Le 22 mai 1994, devant l’avancée des troupes du FPR, le président rwandais par intérim, Théodore Sindikubwabo, adresse une lettre à François Mitterrand : « Le Peuple Rwandais Vous exprime ses sentiments de gratitude pour le soutien moral, diplomatique et matériel que vous lui avez assuré depuis 1990 jusqu’à ce jour. En son nom, je fais encore une fois appel à Votre généreuse compréhension et à celle du Peuple Français en vous priant de nous fournir encore une fois Votre appui tant matériel que diplomatique. »
A cette date, au moins un demi-million de Tutsi a déjà été massacré au Rwanda...
Comment le chef d’un Etat en train de commettre le crime des crimes a-t-il pu se sentir autorisé à solliciter l’aide de la France ? Est-ce en réponse à cette demande que le président Mitterrand trouve urgent, à la mi-juin 1994, d’intervenir afin de mettre fin aux massacres, alors qu’il n’avait pas jugé bon de le faire en avril ?
1994, le retour de Tauzin au Rwanda
C’est le moment où Didier Tauzin revient au Rwanda, prêt à en découdre à nouveau avec le FPR, comme il le déclare ouvertement. La Zone humanitaire sûre créée par l’opération Turquoise à l’ouest du Rwanda est immédiatement utilisée comme refuge par les auteurs du génocide, en passe d’être défaits militairement par le FPR.
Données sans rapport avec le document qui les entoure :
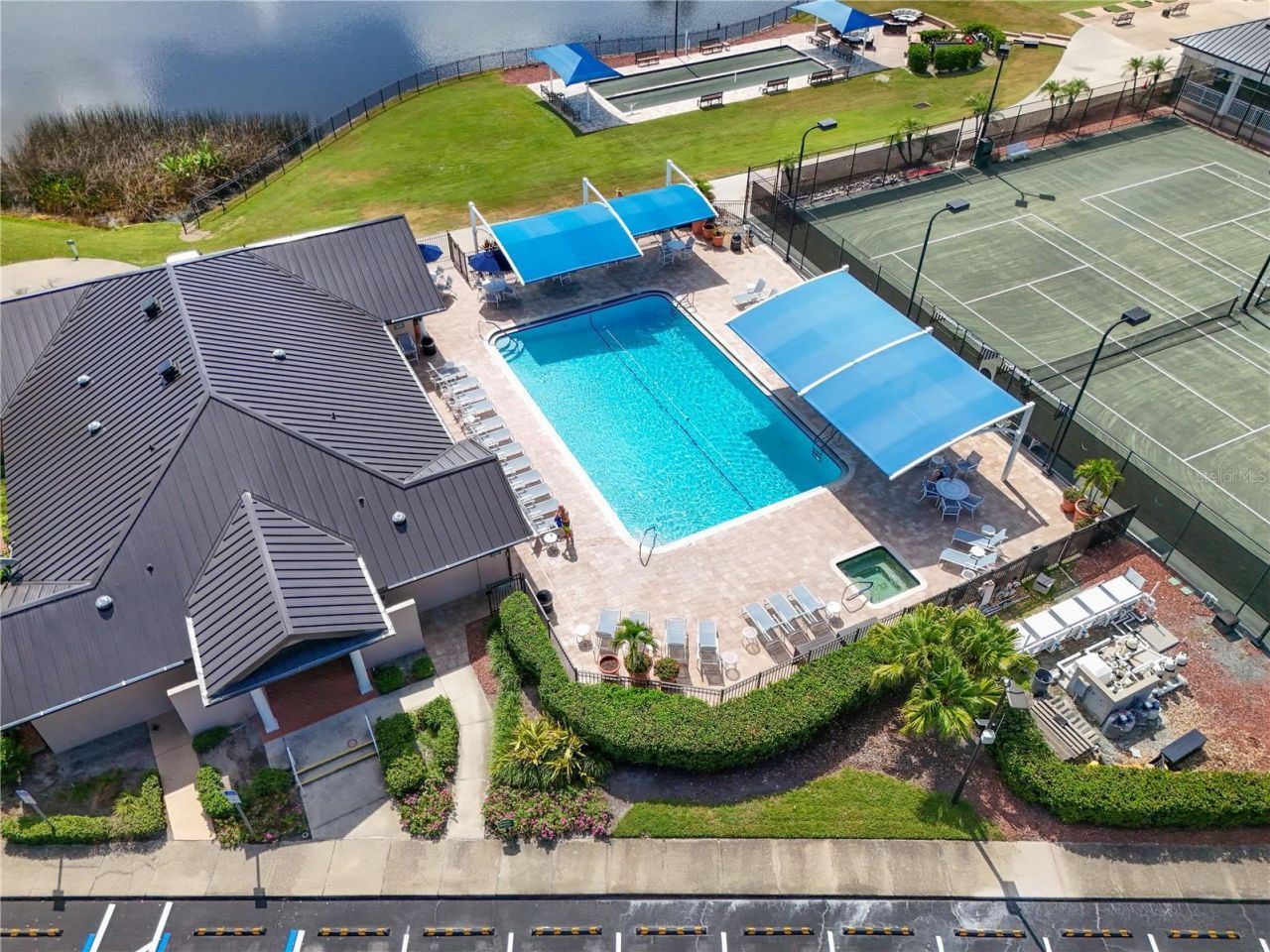 6415 Turners Gap Road, Bradenton, FL 34203 Photo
Face à cette situation, l’ambassadeur Yannick Gérard envoie un télégramme à Paris le 15 juillet 1994 en indiquant : « [...] dans la mesure où nous savons que les autorités portent une lourde responsabilité dans le génocide, nous n’avons pas d’autre choix, quelles que soient les difficultés, que de les arrêter ou de les mettre immédiatement en résidence surveillée en attendant que les instances judiciaires internationales compétentes se prononcent sur leur cas. »
Les responsables et les auteurs du génocide (soldats des FAR, miliciens...) présents dans la Zone humanitaire sûre mise en place par Turquoise n’y sont pas arrêtés. Au contraire, ils sont laissés libres d’aller se réfugier au Zaïre, impunément, avec armes et bagages.
Le numéro d’octobre 1994 de la revue de la Légion étrangère, Képi blanc, écrit même que « l’état-major tactique [de Turquoise] provoque et organise l’évacuation du gouvernement rwandais vers le Zaïre ». Le colonel Théoneste Bagosora, principal artisan du génocide, avait déjà été évacué par nos soldats début juillet.
Les conséquences désastreuses pour la région des Grands Lacs
La fuite des génocidaires au Zaïre, orchestrée par les Français, est à la racine de la tragédie congolaise, qui a fait plusieurs millions de victimes.
« On peut difficilement sous-estimer les conséquences de la politique française. La fuite des génocidaires au Zaïre engendra, ce qui était presque inévitable, une nouvelle étape plus complexe de la tragédie rwandaise et la transforma en un conflit qui embrasa rapidement toute l’Afrique centrale ». Ainsi s’exprimait, en 2000, le groupe international d’éminentes personnalités auteur du rapport de l’Organisation de l’Unité Africaine (OUA) intitulé Le génocide qu’on aurait pu stopper (§15.85).
Alors le comble du cynisme est atteint quand Didier Tauzin prétend rendre le FPR responsable des six millions de morts des Grands Lacs (au Rwanda et au Congo Kinshasa) parce que ce mouvement a déclenché la guerre de 1990.
Des événements historiques d’une telle magnitude qu’un génocide et deux guerres sont la résultante du jeu de multiples acteurs.
Mais de même qu’on peut affirmer que la France pouvait, entre 1990 et avril 1994, empêcher le génocide en retirant son soutien au régime Habyarimana, elle pouvait, en arrêtant ses auteurs à l’été 1994, prévenir l’explosion de l’Afrique des Grands Lacs.